To provide the Services, we rely on different data processors, which process different categories of data. Processors never store data outside of the scope of their specific purpose. Notably, they do not store data in relation with the general day-to-day use of your Account and Services, which is exclusively processed by the Company. Processors are as follow:

4.1 Proton Group processors

ProtonLabs DOOEL Skopje

  • Purpose: Process data in relation with customer support requests, or other direct communications with the company (section 2.6)
  • Data processing location: Macedonia

ProtonLabs Taiwan Co., Ltd

  • Purpose: Process data in relation with customer support requests, or other direct communications with the company (section 2.6)
  • Data processing location: Taiwan (R.O.C)

4.2 Third-party processors

Zendesk, Inc.

  • Purpose: Provide services in relation with the processing of customer support data (section 2.6)
  • Data processing location: United States
  • Guarantees for international transfer: Standard Contractual Clauses, Binding Corporate Rules, Certifications

Stripe, Inc.

  • Purpose: Provide services in relation with the processing of payment data (section 2.8)
  • Data processing location: United States
  • Guarantees for international transfer: Standard Contractual Clauses, Data Processing Agreement

PayPal group

  • Purpose: Provide services in relation with the processing of payment data (section 2.8)
  • Data processing location: United States, Singapore
  • Guarantees for international transfer: Standard Contractual Clauses, Data Processing Agreement

Chargebee, Inc.

  • Purpose: Provide services in relation with the processing of payment data (section 2.8)
  • Data processing location: United States
  • Guarantees for international transfer: Standard Contractual Clauses, Data Processing Agreement

Atlassian Pty Ltd

  • Purpose: store data in relation with customer support
  • Data processing location: European Union, United States, United Kingdom
  • Guarantees for international transfer: Adequacy decision, Standard Contractual Clauses, Certifications

5. Data disclosure

We will only disclose the limited user data we possess if we are legally obligated to do so by a binding request coming from the competent Swiss authorities. We may comply with electronically delivered notices only when they are delivered in full compliance with the requirements of Swiss law. Proton’s general policy is to challenge requests whenever possible and where there are doubts as to the validity of the request or if there is a public interest in doing so. In such situations, we will not comply with the request until all legal or other remedies have been exhausted. Under Swiss law, subjects of judicial procedures have to be notified of such procedures, although such notification has to come from the authorities and not from the Company.

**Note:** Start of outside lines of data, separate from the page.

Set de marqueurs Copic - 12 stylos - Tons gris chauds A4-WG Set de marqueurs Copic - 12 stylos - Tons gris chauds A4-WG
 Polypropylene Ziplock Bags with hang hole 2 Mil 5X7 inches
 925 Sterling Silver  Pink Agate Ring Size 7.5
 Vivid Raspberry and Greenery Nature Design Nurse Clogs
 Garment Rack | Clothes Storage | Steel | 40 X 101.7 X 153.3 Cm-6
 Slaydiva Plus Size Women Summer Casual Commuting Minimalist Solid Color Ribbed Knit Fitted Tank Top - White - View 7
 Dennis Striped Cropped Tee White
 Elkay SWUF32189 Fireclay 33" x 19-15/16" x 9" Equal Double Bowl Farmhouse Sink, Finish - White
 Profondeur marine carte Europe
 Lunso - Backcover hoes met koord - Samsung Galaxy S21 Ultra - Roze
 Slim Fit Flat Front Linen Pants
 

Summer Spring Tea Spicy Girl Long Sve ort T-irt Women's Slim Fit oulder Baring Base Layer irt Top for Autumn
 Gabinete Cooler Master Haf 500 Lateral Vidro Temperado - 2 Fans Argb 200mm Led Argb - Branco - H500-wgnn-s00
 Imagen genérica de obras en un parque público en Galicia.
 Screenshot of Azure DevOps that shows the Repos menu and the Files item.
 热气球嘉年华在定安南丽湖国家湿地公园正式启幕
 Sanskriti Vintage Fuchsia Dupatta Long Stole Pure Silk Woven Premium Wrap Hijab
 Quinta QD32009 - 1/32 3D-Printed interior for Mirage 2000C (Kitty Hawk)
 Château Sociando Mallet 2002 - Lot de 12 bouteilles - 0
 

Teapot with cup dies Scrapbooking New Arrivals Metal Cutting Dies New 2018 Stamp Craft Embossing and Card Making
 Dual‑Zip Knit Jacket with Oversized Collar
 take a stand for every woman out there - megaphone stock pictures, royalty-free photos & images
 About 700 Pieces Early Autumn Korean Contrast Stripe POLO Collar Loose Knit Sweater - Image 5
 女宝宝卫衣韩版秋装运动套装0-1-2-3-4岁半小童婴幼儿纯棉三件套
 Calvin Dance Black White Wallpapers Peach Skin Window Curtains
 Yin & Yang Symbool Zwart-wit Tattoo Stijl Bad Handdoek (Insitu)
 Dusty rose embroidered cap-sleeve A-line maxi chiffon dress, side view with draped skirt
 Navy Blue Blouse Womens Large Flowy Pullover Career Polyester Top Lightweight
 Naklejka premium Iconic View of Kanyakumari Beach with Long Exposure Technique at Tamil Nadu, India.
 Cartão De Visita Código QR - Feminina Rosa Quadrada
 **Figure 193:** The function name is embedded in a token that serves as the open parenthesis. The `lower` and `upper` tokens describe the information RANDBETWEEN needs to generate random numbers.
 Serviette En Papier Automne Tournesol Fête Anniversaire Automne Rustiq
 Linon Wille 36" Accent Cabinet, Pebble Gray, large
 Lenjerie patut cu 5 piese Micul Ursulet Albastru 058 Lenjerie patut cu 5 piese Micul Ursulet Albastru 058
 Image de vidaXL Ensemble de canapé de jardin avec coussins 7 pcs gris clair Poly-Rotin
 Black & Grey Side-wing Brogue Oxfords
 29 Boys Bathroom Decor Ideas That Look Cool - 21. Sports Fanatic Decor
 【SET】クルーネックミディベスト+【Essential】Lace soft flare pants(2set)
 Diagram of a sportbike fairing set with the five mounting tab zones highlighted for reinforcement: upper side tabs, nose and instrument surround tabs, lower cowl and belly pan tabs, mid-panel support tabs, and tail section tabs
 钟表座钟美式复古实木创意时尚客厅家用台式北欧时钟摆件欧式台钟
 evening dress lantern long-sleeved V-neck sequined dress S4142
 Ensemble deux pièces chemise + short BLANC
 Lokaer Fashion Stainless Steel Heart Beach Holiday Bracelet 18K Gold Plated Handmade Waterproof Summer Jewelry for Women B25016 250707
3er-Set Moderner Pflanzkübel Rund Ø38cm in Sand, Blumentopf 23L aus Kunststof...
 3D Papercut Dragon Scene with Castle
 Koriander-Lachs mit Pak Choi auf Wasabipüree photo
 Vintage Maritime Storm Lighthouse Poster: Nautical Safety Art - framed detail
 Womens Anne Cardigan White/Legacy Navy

Under no circumstances can Proton decrypt end-to-end encrypted content and disclose decrypted copies. Aggregate statistics about data requests from the competent Swiss authorities can be found in the transparency reports listed in our products-specific policies.

6. Your privacy rights at Proton

Through your Account interface, you can directly access, edit, delete, or export personal data processed by the Company in your use of the Services.

If your Account has been suspended for a breach of our Terms of Service, and you would like to exercise the rights related to your personal data, you can make a request to our support team.

In case of violation of your rights, you have the right to lodge a complaint to the competent supervisory authority.

7. Modifications to Privacy Policy

Within the limits of applicable law, the Company reserves the right to review and change this Privacy Policy at any time. As long as you are using the Services, you are responsible for regularly reviewing this Privacy Policy. Continued use of the Services after such changes are performed shall constitute your consent to it.